Outro aspecto importante é que este mesmo ser humano, originariamente, sempre se expressou por uma busca eterna de vir a constituir-se enquanto pessoa (registro ontológico).Em seguida, e paradoxalmente, o discernimento segundo o qual não existe um bebê sem a sua mãe, ou alguém que cumpra esta função.Sendo assim, o self winnicotiano seria constituído pelos desdobramentos desse seu potencial inato e a sustentação (holding) proporcionada pela mãe, principalmente em seus primeiros meses de vida.

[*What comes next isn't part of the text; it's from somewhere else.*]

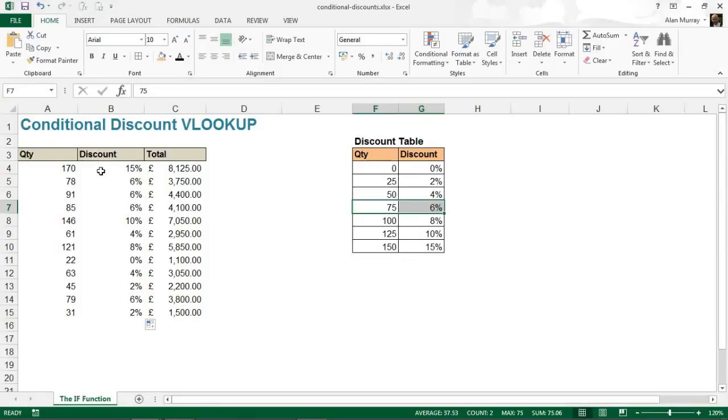So that is how we can use a VLOOKUP for a conditional discount scenario. I hope you found that tutorial useful. Please check out some of our other tips and tutorials on this YouTube channel or at ComputerGaga.com.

            Estas proposições colocam em evidência, a importância de a clínica, a educação e, em verdade a sociedade como um todo, poder estar assentadas na compreensão da necessidade de se contemplar o ethos humano levando em consideração o idioma pessoal do ser. O Ramain-Thiers, segundo o meu entendimento e testemunho, qual a mãe dedicada winnicotiana e a mãe sagrada de Valentim,reflete em seu contexto terapêutico o que acredita/sabe ser o melhor para a vida e, portanto, para o outro. Daí o seu profundo respeito e dedicação ao ser único ali presente em cada um. Resistir é sagrado porque existir é divino. E isto faz com que possamos nos surpreender peregrinos. Diz Safra (pág. 17, 2006):

A clínica precisa estar enraizada no ethos humano, contemplando a singularidade de cada analisando, para que não só possamos enfrentar o adoecimento do ser que nossos pacientes apresentam, mas para que a nossa prática seja uma ação política e de resistência às características do mundo em nosso tempo.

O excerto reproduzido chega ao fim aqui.